Cuando todo esto empezó pensábamos que algo así sacaría lo mejor de cada persona. Llegamos a creer que la pandemia marcaba una especie de catarsis a partir de la cual nos replantearíamos muchas cosas. Y, mientras aplaudíamos cada tarde y gritábamos a pulmón que resistiríamos, nos hicimos la ilusión que así sería.

Pero el ser humano tiene la memoria corta, y en apenas unos días hemos vuelto a ser lo que éramos. Aún más, la catarsis ha actuado en sentido contrario y, si nos descuidamos, acabara sacando lo peor de nosotros.

Hace apenas unos días veía cómo trataban a unos inmigrantes en una ciudad de España, increpándoles e insultándoles, porque les acusaban de ser portadores del bicho y temían que pudieran transmitírselo. Así que, una vez más, el miedo y el rechazo a lo diferente se convierte en una patente de corso para casi cualquier cosa. O se pretende que lo sea.

Ni por un momento debieron pensar los energúmenos que así la emprendieron con esas personas en lo difícil que era su vida, en unas condiciones tan terribles que no les importó un ápice arriesgarlo todo en pro de un futuro incierto, más todavía con las consecuencias de la pandemia.
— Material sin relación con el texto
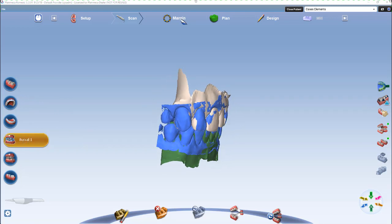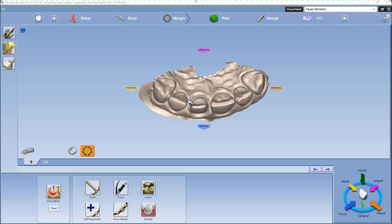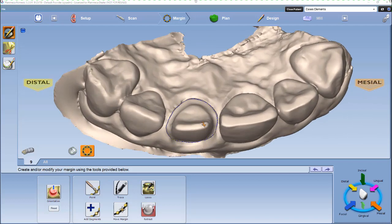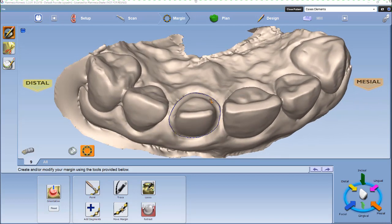Now we're going to move to the margin tab. In the margin tab, you'll do your orientation first, which typically pops up first, and then you'll mark your margin. You'll notice here I already have my margin marked.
No debiera hacer falta decirlo, pero hay que saber que quienes llegan a España por vías ilegales -por llamarlo de algún modo- son sometidos a más controles que nadie. Al fin y a la postre, esa frontera se convierte en la más segura porque, entre pruebas y aislamiento cuando procede, es casi imposible que el virus se cuele por ahí. Es, sin embargo, mucho más fácil que se escabulla entre el pasaje de un crucero de lujo o en la clase business de un avión, pero nadie increpará ni insultará a sus usuarios.

Lo que ha pasado en determinadas zonas es muy ilustrativo de esas cosas que ya pasaban y no queríamos ver. Se trata de trabajadores que viven en condiciones tan precarias que se convierten en una bomba de relojería andante. Y es que el virus no conoce de razas, pero la precariedad laboral, sí. Y, sin lugar donde confinarse ni posibilidad de respetar distancias y normas de seguridad, el peligro está ahí. No son ellos quienes lo transmiten, sino las condiciones en que hemos permitido que vivan.

Así que, al final, la llegada de este virus ha supuesto no tanto mostrar lo mejor que tenemos, sino dejar al recubierto lo peor. O lo que es lo mismo, mostrar las vergüenzas. Solo que ahora no tenemos nada con que taparlas.